Dr. Jürgen Jasperneite: Right from the start, the discussion has been about the hope or fear that new business models could disrupt and change markets. What surprises me is that very few creative approaches can be identified to date, apart from in condition monitoring. Of course, everyone has the idea floating around in their heads that someone coming from an industry other than mechanical engineering is butting in between OEMs and customers with some algorithms and a platform. But this fear is also good – because it is management’s task to observe these types of risks at all times.
What role will component manufacturers play in the future?
Dr. Jürgen Jasperneite: I’ve got good news: Cyber-physical systems always have physical, concrete components. We will continue to need sensors and actuators in the future. They just have to be able to communicate and be capable of being integrated into IT systems. We’re not just talking about Ethernet or OPC UA, but about a higher, abstract form of communication. Components must be able to notify “who and where am I, what I am capable of, what and how am I doing”. IT on the other hand has to take this information and create a meaningful package out of it, not just within but also outside of process control.
Every component must be able to be uniquely identified electronically and will communicate over its entire life cycle. With the Smart Pneumatics Monitor, AVENTICS is heading in the right direction. Currently, committees are working to develop architectural models that are also relevant for components and ensure interoperability between products of different makes.
Does that mean users should wait for binding standards?
Dr.

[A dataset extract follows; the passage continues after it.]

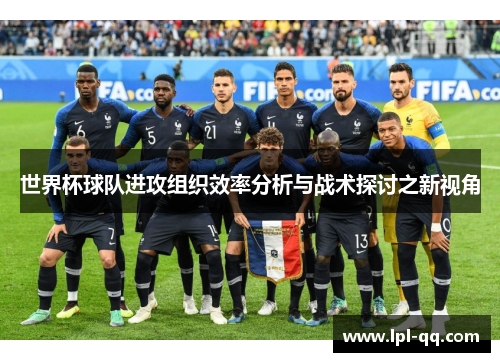 世界杯球队进攻组织效率分析与战术探讨之新视角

Jürgen Jasperneite: We need standards, but if we first want to standardize the entire world, we’ll have to wait twenty years before anything happens at all. It would make much more sense to combine existing standards in a way that leaves little uncovered area. As I always say, “Don’t wait, start now.” Just start out taking small, reasonable steps.
What do small, reasonable steps look like?
Dr. Jürgen Jasperneite: Currently, for example, manufacturing companies have a high demand for solutions for assisted assembly. Users want to minimize fault rates as well as reduce training required for varying assembly. To date, usually paper instructions are still used. Digitalization isn’t about simply converting this information from paper to digital media, but creating added value with intelligent assistance systems. Users can experiment with the Internet of Things – testing digital assistance systems, either parallel to existing stations, or integrated, and can measure the advantages. They can involve their employees and only have to implement solutions that benefit them.
What role does the SmartFactoryOWL in Lemgo play?
Dr. Jürgen Jasperneite: We consider ourselves the connecting link between research and education on the one hand, and company environments on the other. With our SmartFactoryOWL “Centrum Industrial IT” research and development center, we fulfil four tasks as a neutral third party: We provide information on the Internet of Things. In our SmartFactory, we demonstrate the opportunities and potentials presented by digitalization based on concrete automation solutions. For companies, we qualify employees at different levels and support them in planning and implementing digital production processes. The Internet of Things begins with small, reasonable steps.
Dr. Jürgen Jasperneite is the head of the research institute for industrial information technology (inIT) at the OWL University of Applied Sciences in Lemgo, Germany, where he is responsible for computer networks in the electrical engineering and computer engineering department. He is also head of the Fraunhofer Application Center for Industrial Automation (IOSBINA) in Lemgo. Prof. Jasperneite is one of the initiators of the Centrum Industrial IT (CIIT), the first science-to-business center in the area of industrial automation in Germany. He also initiated and conceptualized the setup of a research and demonstration factory for IoT technology on the Innovation Campus Lemgo with the SmartFactoryOWL.